Exercise goal >> Look through the entries below for the line with "额头两边头发少怎么办 额头两边头发少怎么办" and the line with "新生儿大便呈水样是腹泻吗？需要就医吗？家长该怎么护理？-第1张图片-郑州医学网", then give again exactly those two lines and all lines between them, minus the pictures.

[[ Data extracts, beginning ]]

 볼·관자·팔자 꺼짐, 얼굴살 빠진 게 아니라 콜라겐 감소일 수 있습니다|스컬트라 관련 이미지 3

[[ Data extracts, end ]]
[[ Data extracts, beginning ]]

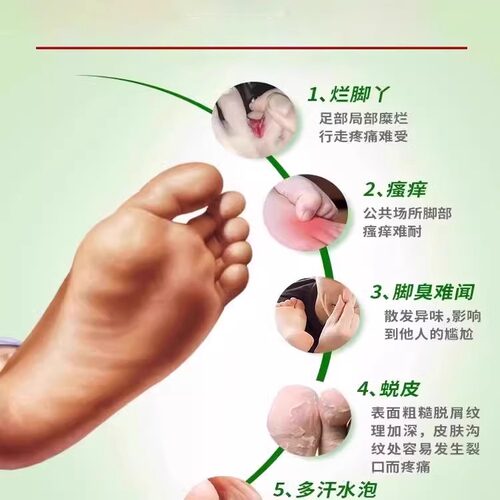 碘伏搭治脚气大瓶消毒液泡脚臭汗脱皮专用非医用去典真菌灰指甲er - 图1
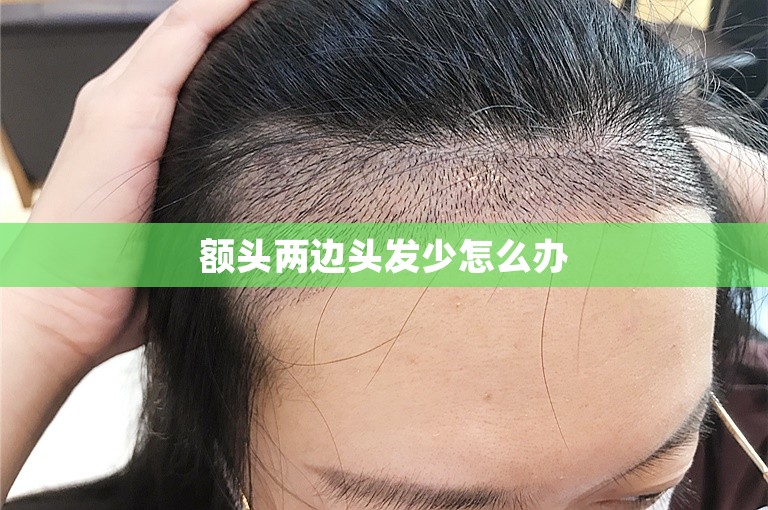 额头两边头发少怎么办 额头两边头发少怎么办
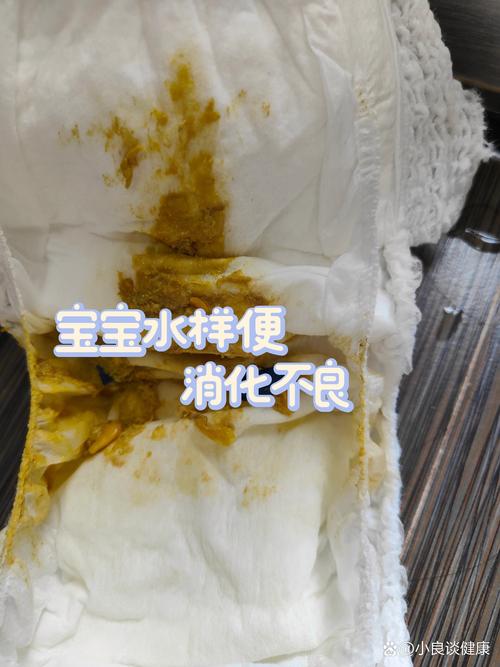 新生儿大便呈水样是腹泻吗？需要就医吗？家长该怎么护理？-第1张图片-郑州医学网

[[ Data extracts, end ]]

Answer to the exercise >>
 额头两边头发少怎么办 额头两边头发少怎么办
 新生儿大便呈水样是腹泻吗？需要就医吗？家长该怎么护理？-第1张图片-郑州医学网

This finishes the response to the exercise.